# Records provided

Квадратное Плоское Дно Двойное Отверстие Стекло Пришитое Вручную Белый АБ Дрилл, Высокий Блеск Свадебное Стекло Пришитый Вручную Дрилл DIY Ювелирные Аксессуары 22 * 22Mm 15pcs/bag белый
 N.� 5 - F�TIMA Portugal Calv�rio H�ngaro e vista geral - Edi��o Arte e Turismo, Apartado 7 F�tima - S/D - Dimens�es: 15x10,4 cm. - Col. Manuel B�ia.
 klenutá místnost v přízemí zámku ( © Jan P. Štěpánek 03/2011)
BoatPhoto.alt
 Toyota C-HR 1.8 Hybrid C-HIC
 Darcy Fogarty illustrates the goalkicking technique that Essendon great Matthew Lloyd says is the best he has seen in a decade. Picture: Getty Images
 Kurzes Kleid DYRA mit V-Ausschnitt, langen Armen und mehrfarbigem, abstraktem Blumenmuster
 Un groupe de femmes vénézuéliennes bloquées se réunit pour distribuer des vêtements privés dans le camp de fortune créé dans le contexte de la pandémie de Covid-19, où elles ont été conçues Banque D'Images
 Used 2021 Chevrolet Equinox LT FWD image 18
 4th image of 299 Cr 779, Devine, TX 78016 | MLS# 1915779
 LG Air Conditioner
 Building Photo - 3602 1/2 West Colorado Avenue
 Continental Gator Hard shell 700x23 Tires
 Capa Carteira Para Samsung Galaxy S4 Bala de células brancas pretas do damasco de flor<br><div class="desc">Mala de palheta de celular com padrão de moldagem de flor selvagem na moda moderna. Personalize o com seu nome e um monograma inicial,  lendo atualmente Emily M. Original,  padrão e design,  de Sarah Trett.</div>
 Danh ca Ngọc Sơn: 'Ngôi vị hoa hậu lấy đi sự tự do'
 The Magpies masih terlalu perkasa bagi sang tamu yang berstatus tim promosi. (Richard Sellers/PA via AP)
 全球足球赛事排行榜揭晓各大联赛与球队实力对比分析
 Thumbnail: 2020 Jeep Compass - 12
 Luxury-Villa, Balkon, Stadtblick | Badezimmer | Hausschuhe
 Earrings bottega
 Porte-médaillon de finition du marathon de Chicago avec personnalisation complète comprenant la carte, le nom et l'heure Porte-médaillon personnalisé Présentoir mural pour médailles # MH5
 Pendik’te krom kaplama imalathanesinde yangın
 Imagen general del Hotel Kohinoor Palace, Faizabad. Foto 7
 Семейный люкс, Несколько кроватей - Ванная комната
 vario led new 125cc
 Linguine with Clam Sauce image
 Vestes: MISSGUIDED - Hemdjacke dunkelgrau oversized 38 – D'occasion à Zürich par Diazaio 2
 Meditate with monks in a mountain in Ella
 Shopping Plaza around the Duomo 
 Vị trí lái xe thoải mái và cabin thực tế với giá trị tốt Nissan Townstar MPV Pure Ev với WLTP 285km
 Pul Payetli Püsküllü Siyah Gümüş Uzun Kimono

# Problem to work on
Begin at the line that has "Un groupe de" in the entries above; stop after the line that has "Pendik’te krom kaplama". Transcribe exactly those lines and no others.

# Solved problem
 Un groupe de femmes vénézuéliennes bloquées se réunit pour distribuer des vêtements privés dans le camp de fortune créé dans le contexte de la pandémie de Covid-19, où elles ont été conçues Banque D'Images
 Used 2021 Chevrolet Equinox LT FWD image 18
 4th image of 299 Cr 779, Devine, TX 78016 | MLS# 1915779
 LG Air Conditioner
 Building Photo - 3602 1/2 West Colorado Avenue
 Continental Gator Hard shell 700x23 Tires
 Capa Carteira Para Samsung Galaxy S4 Bala de células brancas pretas do damasco de flor<br><div class="desc">Mala de palheta de celular com padrão de moldagem de flor selvagem na moda moderna. Personalize o com seu nome e um monograma inicial,  lendo atualmente Emily M. Original,  padrão e design,  de Sarah Trett.</div>
 Danh ca Ngọc Sơn: 'Ngôi vị hoa hậu lấy đi sự tự do'
 The Magpies masih terlalu perkasa bagi sang tamu yang berstatus tim promosi. (Richard Sellers/PA via AP)
 全球足球赛事排行榜揭晓各大联赛与球队实力对比分析
 Thumbnail: 2020 Jeep Compass - 12
 Luxury-Villa, Balkon, Stadtblick | Badezimmer | Hausschuhe
 Earrings bottega
 Porte-médaillon de finition du marathon de Chicago avec personnalisation complète comprenant la carte, le nom et l'heure Porte-médaillon personnalisé Présentoir mural pour médailles # MH5
 Pendik’te krom kaplama imalathanesinde yangın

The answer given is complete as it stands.